La grande distribution est passée maître dans l’art de favoriser la rencontre entre le consommateur et les produits : pourquoi ne pas réutiliser ses techniques, mais pour servir d’autres fins que la vente? Beaucoup de bibliothèques développent le facing des livres (présentation de la couverture et non de la tranche) pour attirer l’oeil et l’attention de l’usager : il faut désormais généraliser cette pratique pour mettre en valeur les collections. Cela implique sans doute de réfléchir sur le mobilier des équipements et à un nouvel aménagement des espaces qui privilégie la qualité à la quantité. On peut envisager de se rapprocher des présentations en “têtes de gondoles” largement pratiquées dans les supermarchés. Par ailleurs, le facing permet de mettre en valeur le rôle de médiation du bibliothécaire, de valoriser son rôle de conseil et de sélection des ressources.
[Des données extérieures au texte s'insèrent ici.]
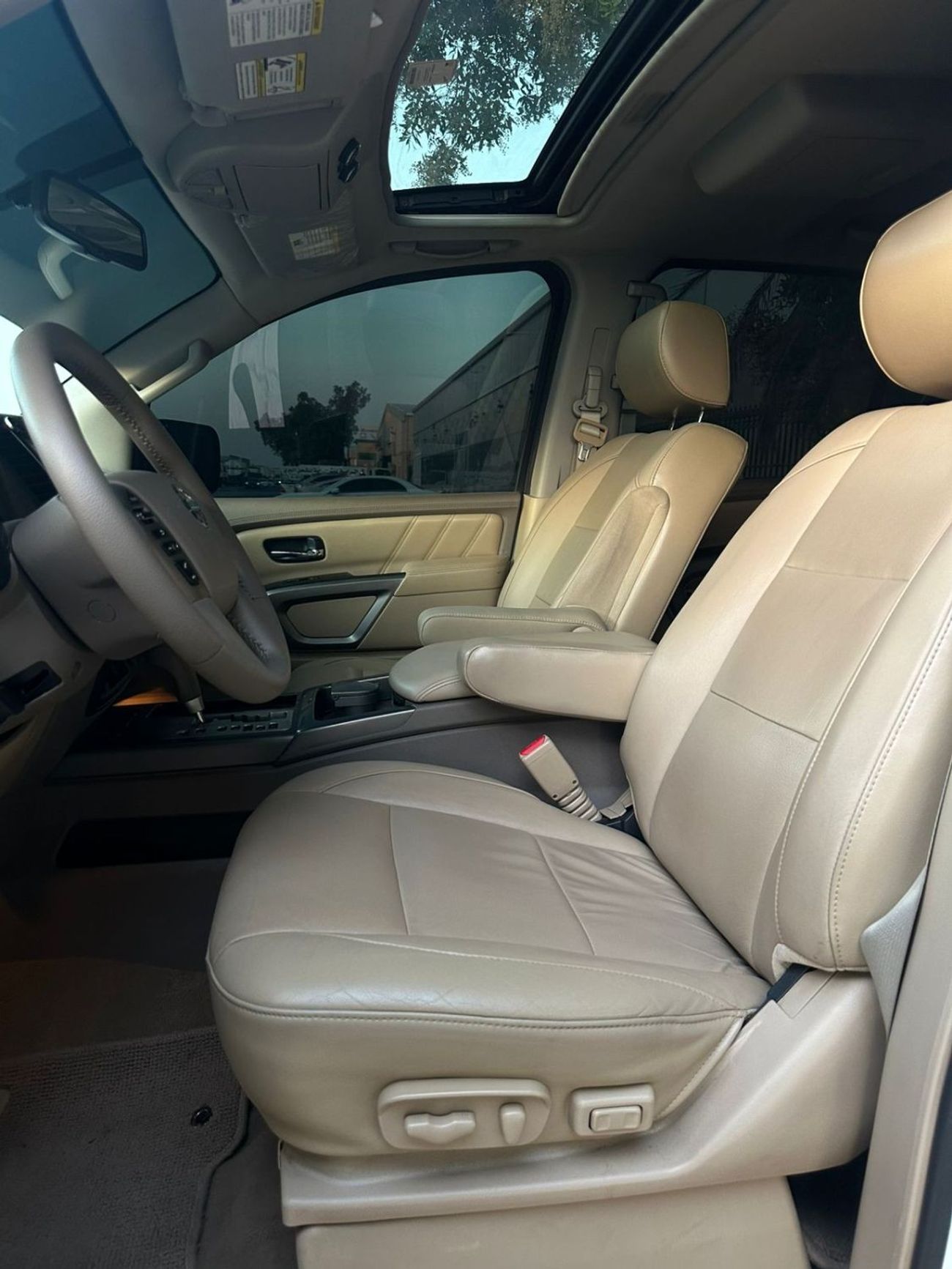 Nissan Armada LE خليجي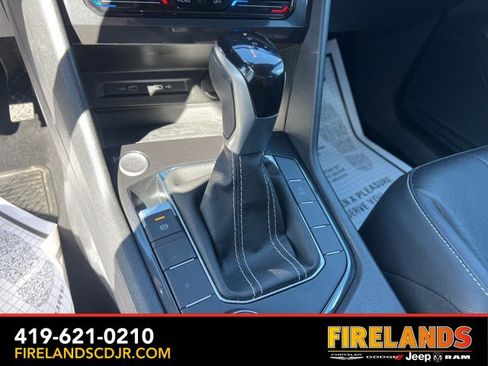 Used 2022 Volkswagen Tiguan SE image 28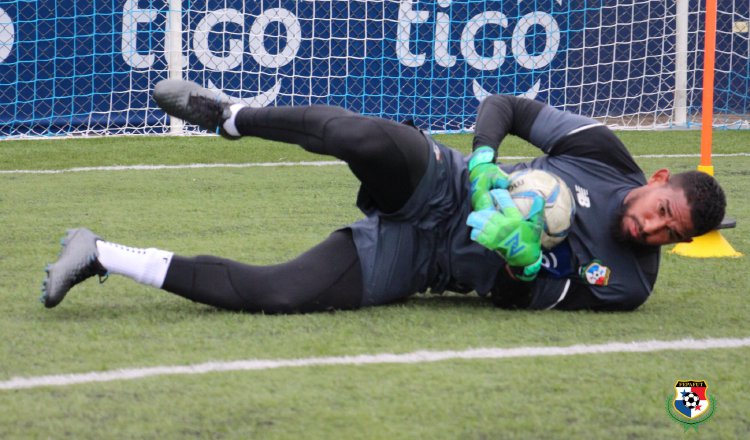 José Calderón en los entrenamientos de la selección panameña.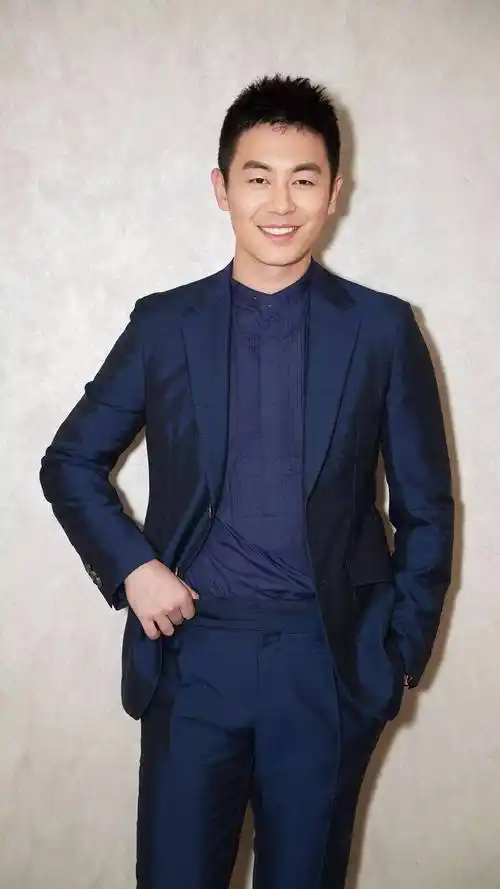 原创朱亚文放弃追求刘亦菲29岁娶沈佳妮进门如今成宠妻狂魔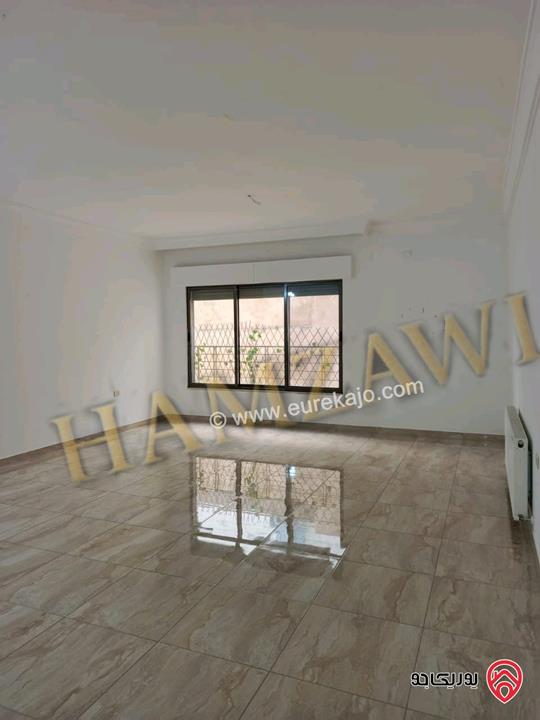 شقة مميزة شبه ارضية مساحة 200م داخلي و 120م خارجي للايجار في عمان - حي الصحابة 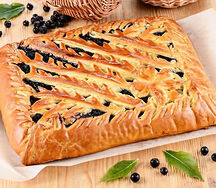 Пирог постный с черникой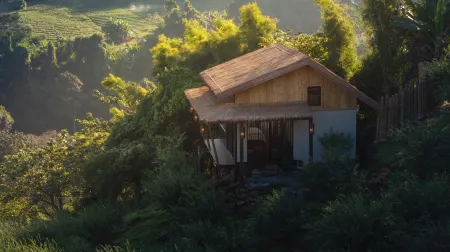 Chai Cheevit Maesa Отели рядом с достопримечательностью «Bai Orchid and Butterfly Farm»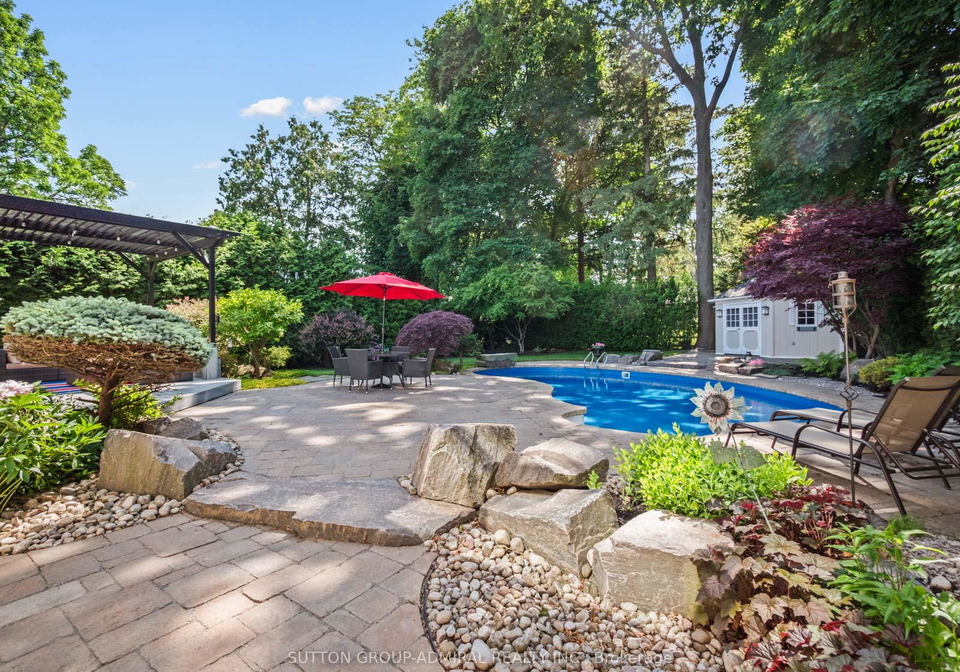 5-cranleigh-court-etobicoke-ontario-w12230123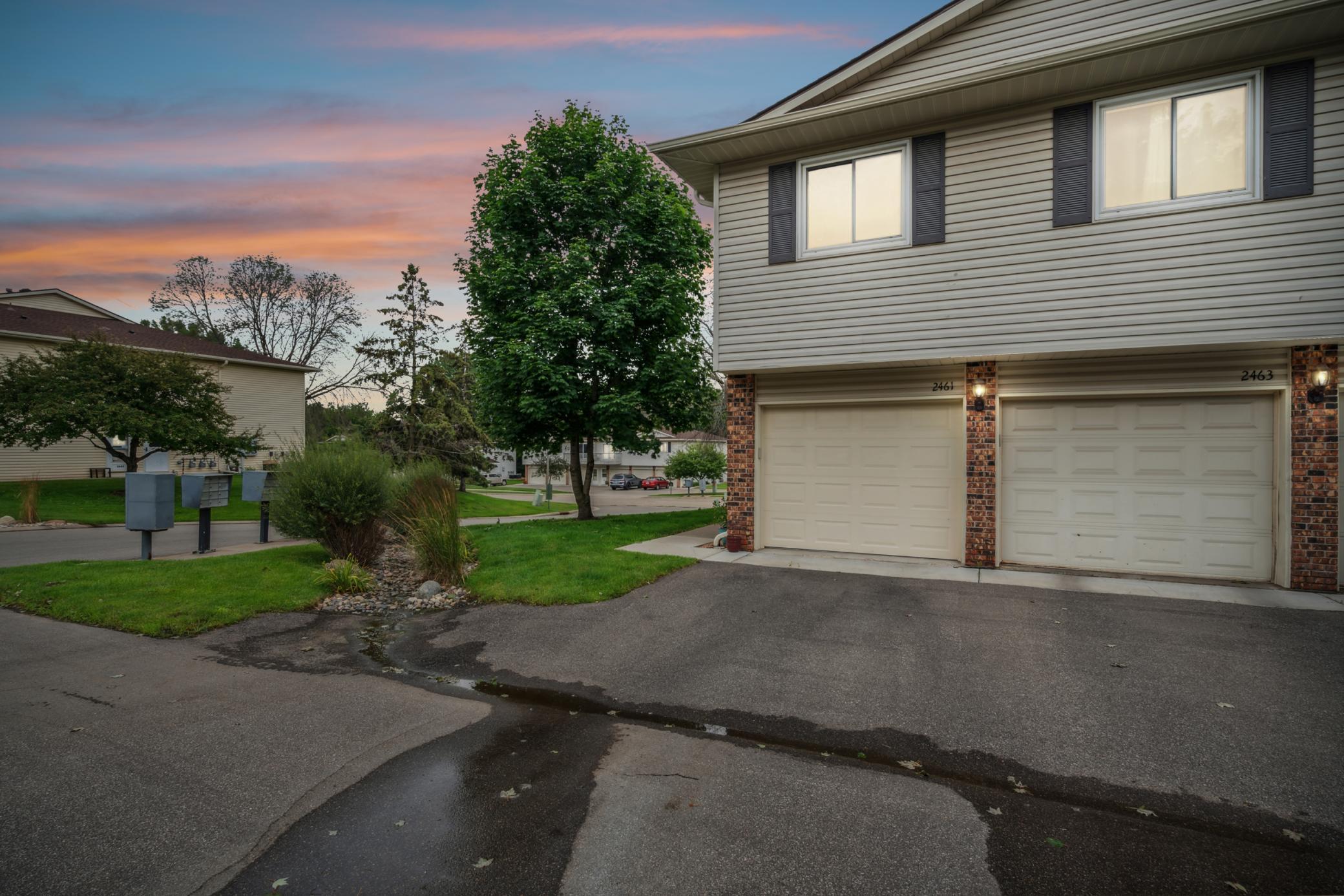 Grenadier Ave, Saint Paul, MN 55128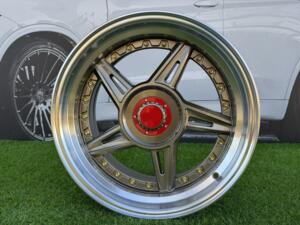 Ratlankis Ferrari 458 Style R17X8.5J 4X100 ET30 73.1 Bronze with gold rivets wheel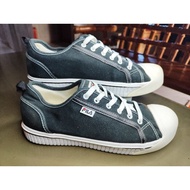 EUR 43, Fila_ Sneaker_ukay shoes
En effet, on peut imaginer qu’à côté des livres on trouve un QR code ou un petit cartel renvoyant vers une critique de l’ouvrage rédigée par un bibliothécaire qui l’aurait lu.
Il pourrait même être amusant qu’une bibliothèque assume totalement cette inspiration de l’univers marchand et valorise les documents “coup de coeur” par des étiquettes inspirées de celles qu’on trouve lors des actions de promotions ou des soldes sur les produits usuels (couleurs fluos, formes étoilées…)
Les supermarchés attirent le chaland par des offres promotionnelles éclairs. Appliquons cette méthode dans nos bibliothèques: “Le dernier Murakami est arrivé à la bibliothèque, découvrez-le à la cote…” (en vérifiant bien sûr qu’il reste suffisamment d’exemplaires en rayon), “dans la prochaine demi-heure, empruntez trois DVD au lieu d’un seul”. Il faut veiller à ce que ces annonces ne soient pas trop récurrentes (un après-midi par semaine) afin d’intriguer l’usager sans le déranger.
Certaines bibliothèques ont déjà expérimenté la “pochette surprise” à retirer aux banques d’accueil. Cette idée est très proche de celle des supermarchés qui cherchent à captiver l’attention des clients pendant qu’ils patientent à la caisse. Les pochettes surprises tenteront aussi ces usagers qui viennent à la bibliothèque sans savoir précisément ce qu’ils cherchent et qui sont demandeurs de conseils de lecture.
Toutes les idées évoquées ci-dessus ont déjà été testées par certains équipements. Pour aller plus loin dans cette réflexion, nous proposons un service de bibliodrive: les usagers passent commande de leurs documents sur le site de la bibliothèque. Le panier est préparé dans les heures qui suivent et attend son lecteur qui n’a plus qu’à le récupérer!